Goodness in a Box

Hundreds of Triangle families will be eating fresh fruits and veggies that arrived straight from the farm to their doorstep this summer.

“It doesn’t get any fresher,” said Courtney Tellefsen, founder of The Produce Box, a co-op of moms (and a few men) delivering produce from a community of farm families every week.

The concept for home delivery of fresh produce from North Carolina farms started when Tellefsen participated in a traditional community supported agriculture farm membership, but couldn’t always get to the farms to reap the harvest because of her family’s busy schedule, and wasted her up-front membership costs of about $600.

“Ultimately, although I hated to admit it and was embarrassed to say it, I just couldn’t seem to get myself together enough to get there and get that bag of goodies each week. And finally, I chose not to renew for the following year,” she said. “So I thought if I could change a few of the parts of the program that didn’t work for me, maybe it would work for lots of other people too.”

Turns out she was right. In her fourth season, the response has been overwhelming, with more and more families signing up for The Produce Box delivery.

“They love that we personally meet the farmers we work with and know exactly where every item comes from. They like that it’s delivered to their door and that they have a hand in supporting this fantastic group of hard-working farmers,” she said. “Some call us their summer Santas or veggie fairies.”

How It Works
Members go online and create an account and receive an email every Friday letting them know what produce is available for the following week. Families have till Sunday night to go online and choose from an A, B, C or O (for organic and/or chemical free) variety box featuring veggies and fruit picked at the peak of ripeness, not ripened on a truck on its way here from another state or country. Each costs $22.
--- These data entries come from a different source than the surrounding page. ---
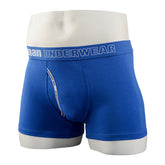 Trendy And Comfortable Men&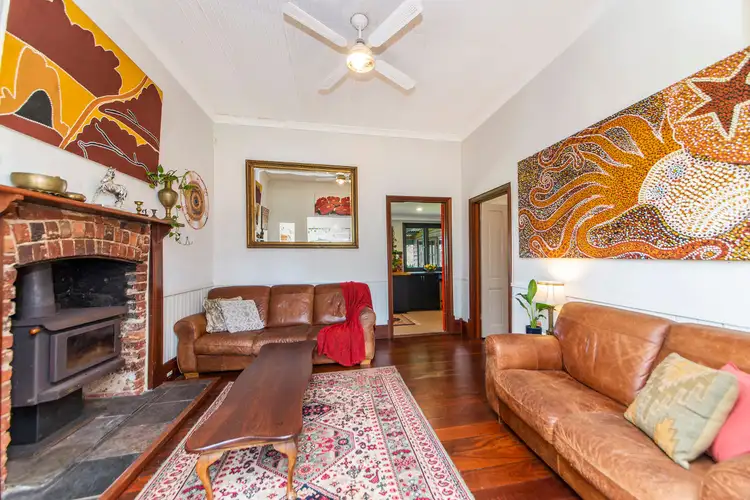 Fifth view of Homely house listing, 82 Blechynden Street, Bridgetown WA 6255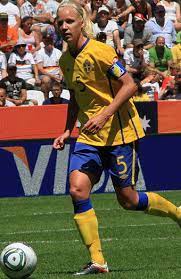 We did not find results for: Caroline Seger Wikiwand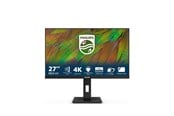 Skærm - 27" Philips 27B1N3800 - 3840x2160 (4K) - 60Hz - IPS - 27B1N3800/00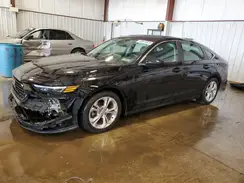 1HGCY1F22PA017456 2023 HONDA ACCORD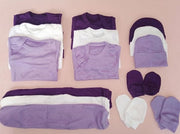 Morado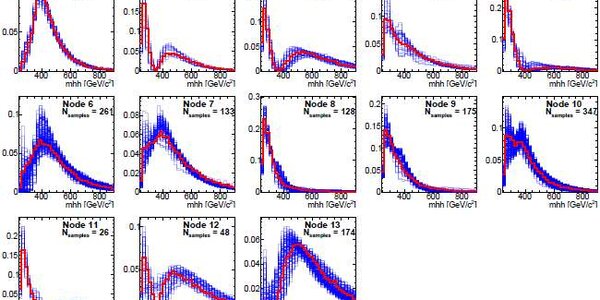 Article teaser image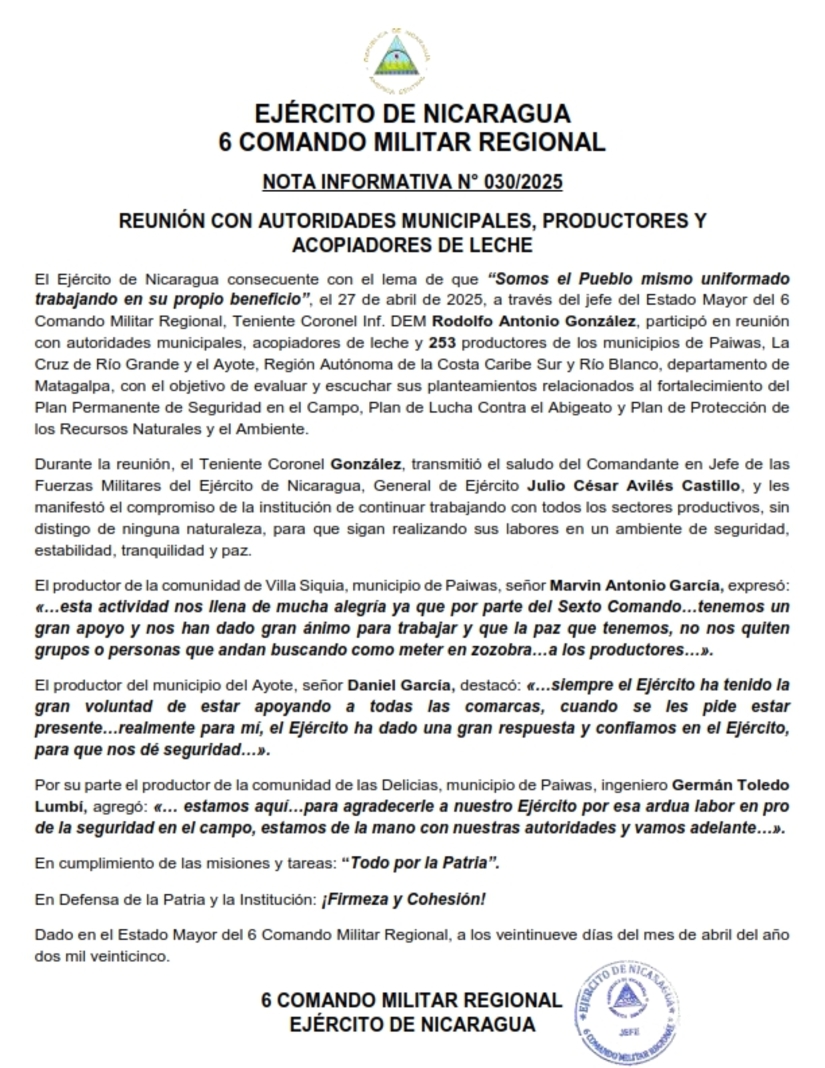 DRPE-NI-N&deg;-030-6CMR-Reunion-con-autoridades-municipales,-productores-y-acopiadores-de-leche_001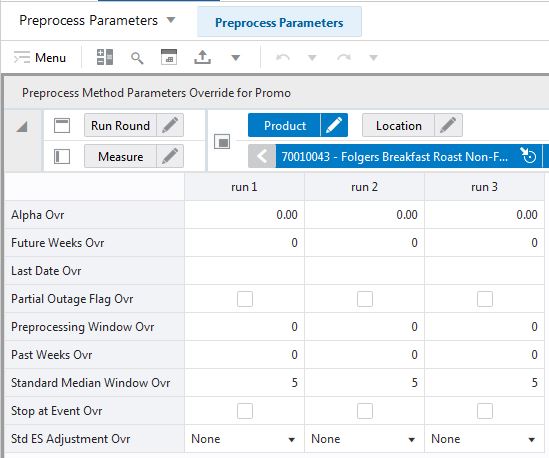 Surrounding text describes Figure 5-9 .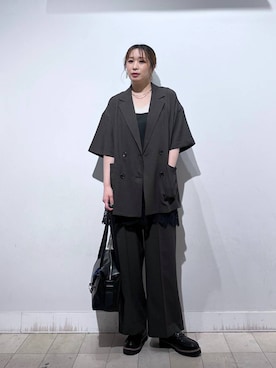 no23miさんのコーディネート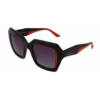 GAFAS SOL GUY LAROCHE GL36329 512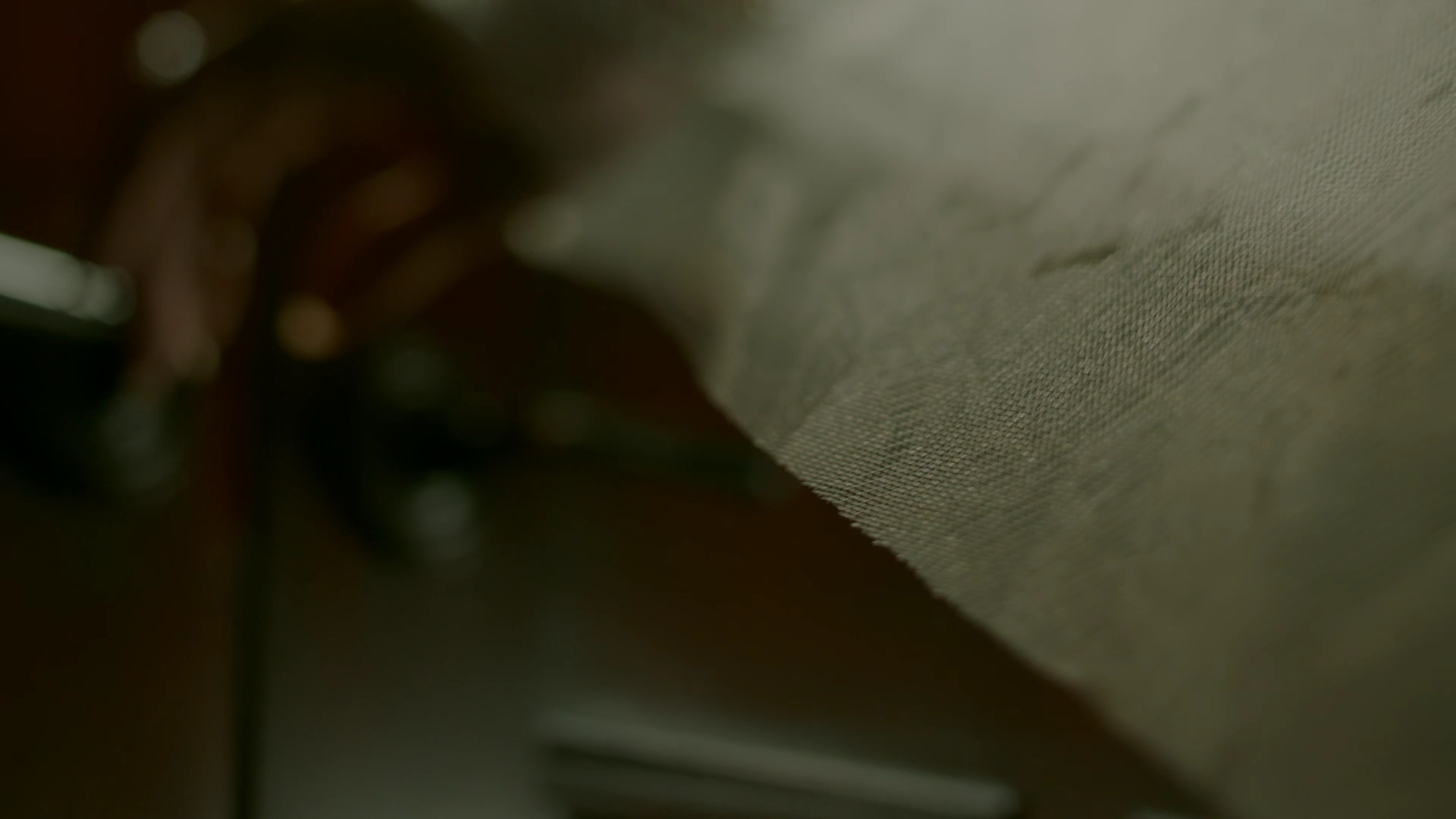 VampireDiariesWorld-dot-nl_Legacies1x06MombieDearest00030.jpg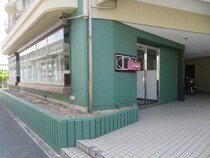 荒井の居抜き物件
They can add other specialty products like honey, bread, jams, etc. According to Tellefsen, families can skip the week or even future-skip a set of weeks if they know they will be out of town.

“We are not an online grocery store,” said Tellefsen. “We work with our farmers to build the boxes each week based on what our members say they want, and just as importantly, what the farmers have and what is at the peak of ripeness.”

The harvest season goes from mid-April to November and includes up to 97 different crops, according to crop coordinator Kevin O’Conell. There are strawberries, lettuces and asparagus in the spring; corn, peaches, melons, herbs, tomatoes and cucumbers in the summer; apples, squashes and potatoes in the fall, to name a few.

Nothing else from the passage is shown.